Karetka została uprowadzona we wtorek w jednej z dzielnic Oslo, następnie sprawca potrącił kilka osób. Obrażenia odniosło pięcioro ludzi, w tym siedmiomiesięczne bliźnięta. Policja poinformowała o ostrzelaniu pojazdu i zatrzymaniu "uzbrojonego mężczyzny". Zatrzymana została także "wiązana ze sprawą" kobieta. Służby nie chcą przesądzać, czy incydent mógł być aktem terroru.
Ambulans został skradziony we wtorek w Torshov, dzielnicy norweskiej stolicy Oslo.
Policja: przejęliśmy kontrolę nad karetką
Około godziny 13 policja informowała na Twitterze, że przejęła kontrolę nad karetką.
"Kontrolujemy karetkę, która została skradziona przez uzbrojonego mężczyznę. Strzały zostały oddane, by zatrzymać sprawcę, ale nie został on poważnie ranny" - poinformowano.
#Oslo Vi har kontroll på en ambulanse som ble stjålet, av en bevæpnet mann. Det ble avfyrt skudd for å stanse gjerningsmannen, han er ikke kritisk skadd. Oppdatering vil komme.
— OPS Politiet Oslo (@oslopolitiops) October 22, 2019
Według publicznego norweskiego nadawcy NRK zatrzymany to 32-letni Norweg, który usłyszał zarzut usiłowania zabójstwa.
Policja po godzinie 14 oznajmiła na Twitterze, że poszukuje także "kobiety, która uczestniczyła w wypadku drogowym i którą wiążemy z uprowadzeniem karetki". Podano jej rysopis: "jasna cera, 165 cm wzrostu, lekko kręcone brązowe włosy, ubrana w czarną kurtkę, wyglądająca na odurzoną". Po kilku godzinach NRK podał, że zatrzymana została 25-letnia Norweżka, która usłyszała zarzut posiadania broni.
Oboje zatrzymani mieli być wcześniej znani policji.
Przebieg zdarzenia
O przebiegu zdarzenia opowiadał w rozmowie z NRK Johan Fredriksen z policji w Oslo.
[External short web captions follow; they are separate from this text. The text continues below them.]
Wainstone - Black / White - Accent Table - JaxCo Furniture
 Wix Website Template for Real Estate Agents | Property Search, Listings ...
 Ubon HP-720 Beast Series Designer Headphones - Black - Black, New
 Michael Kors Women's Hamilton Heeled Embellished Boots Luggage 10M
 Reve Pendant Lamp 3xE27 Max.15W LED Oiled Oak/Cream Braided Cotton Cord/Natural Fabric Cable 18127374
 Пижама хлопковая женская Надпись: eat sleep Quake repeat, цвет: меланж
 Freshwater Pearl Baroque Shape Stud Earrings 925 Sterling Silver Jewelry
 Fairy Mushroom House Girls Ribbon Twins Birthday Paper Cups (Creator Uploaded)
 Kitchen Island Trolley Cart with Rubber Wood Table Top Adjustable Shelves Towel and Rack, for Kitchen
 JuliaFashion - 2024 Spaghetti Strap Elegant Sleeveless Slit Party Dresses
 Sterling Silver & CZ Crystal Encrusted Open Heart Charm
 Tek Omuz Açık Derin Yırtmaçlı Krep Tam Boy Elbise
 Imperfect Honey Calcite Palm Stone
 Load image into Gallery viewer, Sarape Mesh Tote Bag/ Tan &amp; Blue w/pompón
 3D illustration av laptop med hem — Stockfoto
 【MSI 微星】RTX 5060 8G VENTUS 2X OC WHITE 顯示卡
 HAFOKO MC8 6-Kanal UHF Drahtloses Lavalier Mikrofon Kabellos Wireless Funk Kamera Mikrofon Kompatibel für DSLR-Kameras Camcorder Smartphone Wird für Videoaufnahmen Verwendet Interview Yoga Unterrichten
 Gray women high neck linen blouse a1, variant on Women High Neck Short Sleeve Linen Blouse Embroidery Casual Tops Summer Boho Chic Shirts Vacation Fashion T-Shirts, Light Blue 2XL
- Sprawca uzbrojony w strzelbę zatrzymał karetkę i próbował uciec. Celowo wjechał na chodnik, by potrącić przypadkowych ludzi, próbował także uderzyć w policyjny radiowóz - stwierdził funkcjonariusz. W uprowadzonym ambulansie znaleziono dwie sztuki broni i "dużą ilość narkotyków" - powiedział policjant.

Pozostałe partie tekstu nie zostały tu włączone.